RNA vaccines, or mRNA vaccines are a type of vaccine that uses a copy of an RNA associated with a pathogen to trigger an immune response in a vaccinated subject. Accordingly, in yet another embodiment, vaccine formulations comprising anhydride U containing RNA molecules are provided. Such RNAs are designed to include anhydride U which can enhance their stability, efficacy, and efficiency, thereby significantly advancing their use in vaccine formulations. Said anhydride U containing RNAs can be those RNAs expressed by a pathogen and encoding one or more pathogen proteins. Said pathogens include, for example, bacterial, viral, pathogenic, and yeast pathogens. The RNA vaccines comprising at least one anhydride U provides methods of using the vaccines in the treatment, prevention and prophylaxis of diseases associated with pathogen infection in a subject.

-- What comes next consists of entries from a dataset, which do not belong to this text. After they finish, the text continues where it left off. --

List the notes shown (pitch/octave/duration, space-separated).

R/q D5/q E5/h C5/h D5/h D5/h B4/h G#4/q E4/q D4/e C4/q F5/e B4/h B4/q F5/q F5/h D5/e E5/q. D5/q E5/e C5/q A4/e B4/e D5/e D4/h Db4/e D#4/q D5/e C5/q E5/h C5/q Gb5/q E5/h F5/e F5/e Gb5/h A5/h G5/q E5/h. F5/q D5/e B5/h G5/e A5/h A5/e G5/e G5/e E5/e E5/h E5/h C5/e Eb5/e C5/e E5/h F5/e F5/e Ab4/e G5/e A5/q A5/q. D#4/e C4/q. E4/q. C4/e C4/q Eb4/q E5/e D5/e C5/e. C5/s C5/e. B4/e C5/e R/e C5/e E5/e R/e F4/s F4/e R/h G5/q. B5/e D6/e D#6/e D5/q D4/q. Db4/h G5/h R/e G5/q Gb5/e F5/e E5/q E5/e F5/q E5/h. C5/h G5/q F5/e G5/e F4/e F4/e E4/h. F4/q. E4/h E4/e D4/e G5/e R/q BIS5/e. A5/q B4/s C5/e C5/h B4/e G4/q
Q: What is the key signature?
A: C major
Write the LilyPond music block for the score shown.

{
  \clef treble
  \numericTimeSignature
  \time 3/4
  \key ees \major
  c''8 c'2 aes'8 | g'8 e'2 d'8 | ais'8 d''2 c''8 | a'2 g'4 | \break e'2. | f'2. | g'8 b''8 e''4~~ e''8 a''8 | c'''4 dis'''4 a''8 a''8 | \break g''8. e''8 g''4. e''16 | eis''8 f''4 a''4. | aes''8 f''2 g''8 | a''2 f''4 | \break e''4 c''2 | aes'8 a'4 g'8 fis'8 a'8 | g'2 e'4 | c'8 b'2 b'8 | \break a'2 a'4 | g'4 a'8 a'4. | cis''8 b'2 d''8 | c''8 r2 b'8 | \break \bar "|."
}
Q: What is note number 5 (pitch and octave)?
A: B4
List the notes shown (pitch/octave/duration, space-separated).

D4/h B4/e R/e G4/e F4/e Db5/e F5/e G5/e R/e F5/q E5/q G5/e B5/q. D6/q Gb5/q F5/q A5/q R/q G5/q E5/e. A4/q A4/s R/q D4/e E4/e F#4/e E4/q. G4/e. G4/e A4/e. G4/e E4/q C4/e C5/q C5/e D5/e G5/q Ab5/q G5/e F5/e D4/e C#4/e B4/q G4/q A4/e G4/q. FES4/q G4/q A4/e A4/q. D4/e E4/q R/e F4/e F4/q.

The vaccine formulations of the present disclosure comprise a full length and/or a portion of an anhydride U containing RNA encoded by a pathogen and a pharmaceutically acceptable carrier or diluent. The present disclosure provides through the use of such vaccines, methods of generating an immune response in a subject to a vaccine formulation of the present disclosure. In one embodiment, the present disclosure is directed to methods of generating an immune response in a subject, comprising administering an immunologically effective amount of a vaccine formulation of the present disclosure to a subject, thereby generating an immune response against anhydride U containing RNA in a subject. In the methods of generating an immune response of the present disclosure, the immune response is preferably a protective immune response against anhydride U containing RNA.